Inside the jails there were frequent clashes between the communist detenus and jail officials…In Sabarmati Jail in Bombay State, police had to open fire. Two persons were killed and forty-two injured, including police. In Cuddalore in Madras, one person was killed and more than eighty injured. In Dum Dum Jail also in Bengal, three were killed and eighteen injured. These…were minor prototypes of a technique now internationally well known as the result of the incidents in the prisoner of war camps in Koje island off Korea.

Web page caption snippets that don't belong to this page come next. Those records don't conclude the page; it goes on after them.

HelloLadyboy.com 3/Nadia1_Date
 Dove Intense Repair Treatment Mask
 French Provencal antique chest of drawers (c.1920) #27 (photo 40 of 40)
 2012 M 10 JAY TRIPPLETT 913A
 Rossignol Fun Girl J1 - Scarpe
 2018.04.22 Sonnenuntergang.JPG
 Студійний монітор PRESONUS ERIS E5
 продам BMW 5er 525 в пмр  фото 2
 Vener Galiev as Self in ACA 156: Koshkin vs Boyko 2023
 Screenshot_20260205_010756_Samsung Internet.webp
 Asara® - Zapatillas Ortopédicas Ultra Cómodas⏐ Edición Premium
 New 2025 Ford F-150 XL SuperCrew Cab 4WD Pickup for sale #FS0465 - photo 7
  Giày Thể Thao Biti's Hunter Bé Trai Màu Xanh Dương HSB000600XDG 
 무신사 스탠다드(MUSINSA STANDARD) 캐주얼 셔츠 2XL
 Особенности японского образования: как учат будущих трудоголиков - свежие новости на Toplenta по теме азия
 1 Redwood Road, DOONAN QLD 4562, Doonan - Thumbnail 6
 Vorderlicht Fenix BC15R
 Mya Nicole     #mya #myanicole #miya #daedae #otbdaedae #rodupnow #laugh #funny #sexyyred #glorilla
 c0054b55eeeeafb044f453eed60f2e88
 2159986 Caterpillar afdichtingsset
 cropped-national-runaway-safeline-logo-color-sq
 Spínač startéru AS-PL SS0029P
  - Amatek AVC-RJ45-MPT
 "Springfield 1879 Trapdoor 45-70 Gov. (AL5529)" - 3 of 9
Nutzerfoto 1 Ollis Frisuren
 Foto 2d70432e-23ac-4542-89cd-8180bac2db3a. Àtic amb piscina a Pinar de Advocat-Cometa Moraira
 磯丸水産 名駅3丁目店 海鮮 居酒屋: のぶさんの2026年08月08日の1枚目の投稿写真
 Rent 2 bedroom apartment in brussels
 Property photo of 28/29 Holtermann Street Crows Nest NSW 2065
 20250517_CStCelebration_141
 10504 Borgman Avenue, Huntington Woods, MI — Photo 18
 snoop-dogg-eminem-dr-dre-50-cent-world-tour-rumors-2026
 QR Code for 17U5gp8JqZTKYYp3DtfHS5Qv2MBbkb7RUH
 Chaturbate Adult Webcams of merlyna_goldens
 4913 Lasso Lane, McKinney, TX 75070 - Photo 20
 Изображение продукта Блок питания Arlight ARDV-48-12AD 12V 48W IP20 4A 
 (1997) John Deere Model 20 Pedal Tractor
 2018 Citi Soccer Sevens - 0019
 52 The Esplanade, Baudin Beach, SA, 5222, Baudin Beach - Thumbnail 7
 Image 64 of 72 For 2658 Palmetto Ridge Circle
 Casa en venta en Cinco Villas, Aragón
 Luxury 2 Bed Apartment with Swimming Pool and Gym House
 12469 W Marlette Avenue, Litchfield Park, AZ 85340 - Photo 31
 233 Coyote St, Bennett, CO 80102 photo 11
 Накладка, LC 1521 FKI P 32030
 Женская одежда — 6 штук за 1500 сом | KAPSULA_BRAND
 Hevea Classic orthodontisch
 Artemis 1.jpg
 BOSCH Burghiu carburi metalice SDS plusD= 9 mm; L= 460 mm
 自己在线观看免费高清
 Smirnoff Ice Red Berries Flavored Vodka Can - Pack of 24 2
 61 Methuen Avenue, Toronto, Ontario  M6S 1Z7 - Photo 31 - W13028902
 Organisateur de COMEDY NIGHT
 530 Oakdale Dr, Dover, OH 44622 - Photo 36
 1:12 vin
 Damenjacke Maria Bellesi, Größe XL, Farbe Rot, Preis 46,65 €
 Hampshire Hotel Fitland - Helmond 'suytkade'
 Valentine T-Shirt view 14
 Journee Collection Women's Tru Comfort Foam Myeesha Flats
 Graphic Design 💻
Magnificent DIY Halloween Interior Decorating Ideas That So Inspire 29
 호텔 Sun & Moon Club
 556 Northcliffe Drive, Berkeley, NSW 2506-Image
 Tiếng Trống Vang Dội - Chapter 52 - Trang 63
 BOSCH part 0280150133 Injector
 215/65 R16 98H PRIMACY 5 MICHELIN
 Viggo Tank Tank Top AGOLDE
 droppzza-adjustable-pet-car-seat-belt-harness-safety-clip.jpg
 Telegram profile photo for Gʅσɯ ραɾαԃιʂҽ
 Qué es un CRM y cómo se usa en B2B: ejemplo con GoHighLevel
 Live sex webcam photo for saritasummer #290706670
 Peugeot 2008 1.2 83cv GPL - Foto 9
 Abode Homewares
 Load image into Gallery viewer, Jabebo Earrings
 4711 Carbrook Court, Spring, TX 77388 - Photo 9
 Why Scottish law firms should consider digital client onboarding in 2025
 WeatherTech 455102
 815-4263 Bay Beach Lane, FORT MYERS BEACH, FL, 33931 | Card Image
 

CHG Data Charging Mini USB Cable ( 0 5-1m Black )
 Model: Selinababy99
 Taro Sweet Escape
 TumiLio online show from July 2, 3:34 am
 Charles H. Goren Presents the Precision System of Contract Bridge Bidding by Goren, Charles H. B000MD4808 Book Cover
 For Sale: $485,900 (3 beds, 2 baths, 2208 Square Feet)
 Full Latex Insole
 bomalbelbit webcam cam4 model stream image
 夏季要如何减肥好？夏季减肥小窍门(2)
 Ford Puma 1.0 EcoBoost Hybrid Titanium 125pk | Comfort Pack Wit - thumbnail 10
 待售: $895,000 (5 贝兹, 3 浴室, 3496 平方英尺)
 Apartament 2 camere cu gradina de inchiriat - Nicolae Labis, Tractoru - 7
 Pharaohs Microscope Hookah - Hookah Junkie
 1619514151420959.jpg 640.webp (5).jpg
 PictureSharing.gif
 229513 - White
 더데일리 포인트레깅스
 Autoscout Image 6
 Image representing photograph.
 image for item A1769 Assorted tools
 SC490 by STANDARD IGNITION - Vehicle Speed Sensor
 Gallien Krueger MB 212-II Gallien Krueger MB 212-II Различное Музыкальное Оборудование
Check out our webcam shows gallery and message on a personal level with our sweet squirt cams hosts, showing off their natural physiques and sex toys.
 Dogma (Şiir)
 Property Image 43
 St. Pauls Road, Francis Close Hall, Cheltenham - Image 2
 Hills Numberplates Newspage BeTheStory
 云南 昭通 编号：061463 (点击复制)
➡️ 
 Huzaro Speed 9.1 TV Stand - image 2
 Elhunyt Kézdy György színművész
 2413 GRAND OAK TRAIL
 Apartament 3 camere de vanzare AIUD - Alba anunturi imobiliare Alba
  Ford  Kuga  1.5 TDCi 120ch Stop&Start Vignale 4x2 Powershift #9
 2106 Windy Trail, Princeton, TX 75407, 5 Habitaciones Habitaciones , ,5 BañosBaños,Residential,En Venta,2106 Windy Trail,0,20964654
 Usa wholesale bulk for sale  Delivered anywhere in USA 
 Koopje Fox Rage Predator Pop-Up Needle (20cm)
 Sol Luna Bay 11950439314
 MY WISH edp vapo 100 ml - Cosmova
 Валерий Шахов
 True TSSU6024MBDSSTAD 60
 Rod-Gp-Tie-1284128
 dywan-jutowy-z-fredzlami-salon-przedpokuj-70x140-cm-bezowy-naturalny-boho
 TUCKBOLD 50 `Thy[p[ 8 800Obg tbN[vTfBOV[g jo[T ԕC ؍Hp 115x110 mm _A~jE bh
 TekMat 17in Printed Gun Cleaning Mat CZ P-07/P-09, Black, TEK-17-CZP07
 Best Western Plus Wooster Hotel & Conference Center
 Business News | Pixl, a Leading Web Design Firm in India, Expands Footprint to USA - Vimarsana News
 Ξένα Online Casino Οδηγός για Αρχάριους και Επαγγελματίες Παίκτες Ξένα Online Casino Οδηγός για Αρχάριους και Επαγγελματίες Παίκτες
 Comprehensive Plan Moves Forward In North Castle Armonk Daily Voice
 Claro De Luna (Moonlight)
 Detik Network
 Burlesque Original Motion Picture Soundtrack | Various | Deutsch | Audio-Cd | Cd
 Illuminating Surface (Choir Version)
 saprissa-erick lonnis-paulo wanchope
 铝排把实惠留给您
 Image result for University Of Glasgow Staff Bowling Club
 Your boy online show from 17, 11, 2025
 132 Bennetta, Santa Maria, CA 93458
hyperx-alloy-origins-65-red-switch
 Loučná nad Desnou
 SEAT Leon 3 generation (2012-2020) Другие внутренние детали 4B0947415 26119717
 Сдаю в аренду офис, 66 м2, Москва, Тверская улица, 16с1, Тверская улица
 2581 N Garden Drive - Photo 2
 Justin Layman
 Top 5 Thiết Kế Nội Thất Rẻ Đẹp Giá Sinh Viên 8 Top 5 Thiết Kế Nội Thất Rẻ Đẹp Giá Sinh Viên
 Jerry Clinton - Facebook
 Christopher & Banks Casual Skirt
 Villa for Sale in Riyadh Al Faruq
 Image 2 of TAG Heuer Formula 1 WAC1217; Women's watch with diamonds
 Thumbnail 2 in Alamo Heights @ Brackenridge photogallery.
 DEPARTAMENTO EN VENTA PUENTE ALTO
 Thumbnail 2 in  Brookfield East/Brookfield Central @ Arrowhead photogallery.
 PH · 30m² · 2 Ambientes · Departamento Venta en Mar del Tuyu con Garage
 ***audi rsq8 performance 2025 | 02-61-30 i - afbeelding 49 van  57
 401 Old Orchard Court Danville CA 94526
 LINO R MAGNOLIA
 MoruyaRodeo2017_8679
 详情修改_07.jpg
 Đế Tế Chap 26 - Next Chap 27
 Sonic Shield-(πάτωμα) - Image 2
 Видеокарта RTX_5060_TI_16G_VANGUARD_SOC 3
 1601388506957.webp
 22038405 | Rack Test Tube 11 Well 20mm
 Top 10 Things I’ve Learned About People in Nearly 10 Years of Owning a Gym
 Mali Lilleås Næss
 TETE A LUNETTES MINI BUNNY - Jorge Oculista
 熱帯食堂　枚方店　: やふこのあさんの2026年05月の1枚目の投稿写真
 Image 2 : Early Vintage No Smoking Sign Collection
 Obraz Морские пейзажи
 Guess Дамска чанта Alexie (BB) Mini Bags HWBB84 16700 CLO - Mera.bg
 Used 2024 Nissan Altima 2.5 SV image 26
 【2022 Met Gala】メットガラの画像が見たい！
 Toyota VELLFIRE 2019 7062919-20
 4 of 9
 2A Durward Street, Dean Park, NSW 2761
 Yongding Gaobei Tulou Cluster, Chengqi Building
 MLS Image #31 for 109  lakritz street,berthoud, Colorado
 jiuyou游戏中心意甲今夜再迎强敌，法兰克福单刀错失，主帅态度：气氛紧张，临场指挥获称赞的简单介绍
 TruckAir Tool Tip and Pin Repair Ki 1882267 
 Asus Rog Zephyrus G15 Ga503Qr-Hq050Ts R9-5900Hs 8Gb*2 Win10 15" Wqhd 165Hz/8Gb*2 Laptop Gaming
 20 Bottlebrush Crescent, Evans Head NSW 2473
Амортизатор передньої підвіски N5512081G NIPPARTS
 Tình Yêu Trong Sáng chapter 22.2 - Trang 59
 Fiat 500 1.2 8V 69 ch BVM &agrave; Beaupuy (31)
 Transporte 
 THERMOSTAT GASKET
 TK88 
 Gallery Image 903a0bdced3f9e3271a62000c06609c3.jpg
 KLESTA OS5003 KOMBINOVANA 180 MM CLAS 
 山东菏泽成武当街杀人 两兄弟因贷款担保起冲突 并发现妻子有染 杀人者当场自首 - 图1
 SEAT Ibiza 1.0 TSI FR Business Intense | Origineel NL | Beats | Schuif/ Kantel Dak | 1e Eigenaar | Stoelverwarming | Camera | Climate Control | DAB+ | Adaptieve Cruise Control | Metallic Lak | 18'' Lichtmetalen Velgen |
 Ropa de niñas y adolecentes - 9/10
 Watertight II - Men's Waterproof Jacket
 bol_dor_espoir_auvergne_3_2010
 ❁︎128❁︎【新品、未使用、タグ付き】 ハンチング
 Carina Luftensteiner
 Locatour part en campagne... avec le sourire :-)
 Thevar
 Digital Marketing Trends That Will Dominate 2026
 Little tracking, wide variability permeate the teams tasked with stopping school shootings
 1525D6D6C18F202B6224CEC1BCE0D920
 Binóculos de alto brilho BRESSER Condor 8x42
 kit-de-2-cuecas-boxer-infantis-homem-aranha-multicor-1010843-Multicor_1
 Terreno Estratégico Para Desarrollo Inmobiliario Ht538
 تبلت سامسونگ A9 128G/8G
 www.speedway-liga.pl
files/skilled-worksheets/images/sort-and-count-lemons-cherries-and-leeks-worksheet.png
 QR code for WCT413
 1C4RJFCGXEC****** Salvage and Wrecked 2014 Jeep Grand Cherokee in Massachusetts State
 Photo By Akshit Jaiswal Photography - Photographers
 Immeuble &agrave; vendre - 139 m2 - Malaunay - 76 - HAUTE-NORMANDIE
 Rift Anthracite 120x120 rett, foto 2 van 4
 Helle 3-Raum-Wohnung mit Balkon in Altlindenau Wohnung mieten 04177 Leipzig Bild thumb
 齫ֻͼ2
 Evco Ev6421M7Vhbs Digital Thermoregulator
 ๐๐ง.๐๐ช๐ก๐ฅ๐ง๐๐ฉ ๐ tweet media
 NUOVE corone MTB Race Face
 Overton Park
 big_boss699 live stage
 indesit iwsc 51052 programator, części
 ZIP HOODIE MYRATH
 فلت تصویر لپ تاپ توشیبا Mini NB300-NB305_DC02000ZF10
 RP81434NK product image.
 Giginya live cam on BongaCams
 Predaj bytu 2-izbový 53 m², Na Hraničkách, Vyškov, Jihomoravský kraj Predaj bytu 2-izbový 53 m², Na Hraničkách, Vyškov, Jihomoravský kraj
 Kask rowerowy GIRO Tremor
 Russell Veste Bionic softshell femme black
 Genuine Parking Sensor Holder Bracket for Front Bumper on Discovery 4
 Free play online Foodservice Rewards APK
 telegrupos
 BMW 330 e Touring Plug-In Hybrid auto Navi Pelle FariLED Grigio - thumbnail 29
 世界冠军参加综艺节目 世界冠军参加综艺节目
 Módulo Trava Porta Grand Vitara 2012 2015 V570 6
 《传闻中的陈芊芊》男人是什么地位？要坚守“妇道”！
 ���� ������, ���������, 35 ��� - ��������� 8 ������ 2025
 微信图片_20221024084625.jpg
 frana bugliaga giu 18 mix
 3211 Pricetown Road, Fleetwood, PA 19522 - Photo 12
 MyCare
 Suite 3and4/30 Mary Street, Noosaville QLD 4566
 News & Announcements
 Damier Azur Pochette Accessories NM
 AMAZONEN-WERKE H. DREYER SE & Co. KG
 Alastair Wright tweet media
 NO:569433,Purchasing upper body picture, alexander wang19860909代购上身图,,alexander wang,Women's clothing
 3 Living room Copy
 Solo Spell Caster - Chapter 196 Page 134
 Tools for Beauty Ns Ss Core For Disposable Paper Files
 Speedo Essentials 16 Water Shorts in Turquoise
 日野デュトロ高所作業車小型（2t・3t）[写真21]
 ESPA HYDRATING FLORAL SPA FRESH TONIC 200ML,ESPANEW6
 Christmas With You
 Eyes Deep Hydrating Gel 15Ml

But the worst excesses of Communist terrorists occurred in Telangana. It was so brutal and widespread that the Hyderabad Government (as it was called then) published a monograph titled, Communist Crimes in Hyderabad detailing the extraordinarily cruel atrocities inflicted by the CPI there. Here is a sample:
From 15th August 1946, to 13th September 1948, they brutally murdered nearly 2,000 persons, attacked 22 police outposts, seized and destroyed village records, manhandled a large number of village officials, burnt “chadris” and Customs outposts, captured 230 guns, looted or destroyed paddy and robbed cash and jewellery worth more than a million rupees . . . They attempted large-scale disruption of communications and lines of supply and transport and steadily and systematically adopted the technique of guerrilla fighting with the arms and resources at their disposal.
[…]
More than 500 armed communists raided the tillage Peddavid, Huzurnagar Taluq, Nalgonda district, murdered ten villagers, including women and children and severely injured ten others. Children were thrown into the fire. Seventy houses had been set fire to and all of them were gutted. This incident was a reprisal as one of the villagers of Peddavid had previously given information to the police about the presence of Kot Narain, a notorious communist outlaw, in the neighbourhood.
Sixteen people including a woman were kidnapped by communists at a place near Pengot and were taken to Lingagiri. The men were murdered and their bodies were set on fire. The burnt bodies were later found lying near Lingagiri border. There was no trace of the woman … A party of twenty-five communists entered the village Dhamipahad at night, caught hold of an aged Muslim woman, took her to the jungle and speared her to death.
This is just the tip of the proverbial genocidal iceberg.
The Government of India also published a separate monograph titled, Communist Violence in India to educate the public about the true horrors of Communism. And so, all of this…actually almost the entire corpus of the traitorous misdeeds of the Communist parties is available in public domain. And this is not including what its critics have written about it. Records of speeches, pamphlets, monographs, propaganda material, internal communications…the whole hog in their own words. This then is the other great success of our Communists: the manner in which they have been highly effective and successful in pulling off what’s known as hiding in plain sight.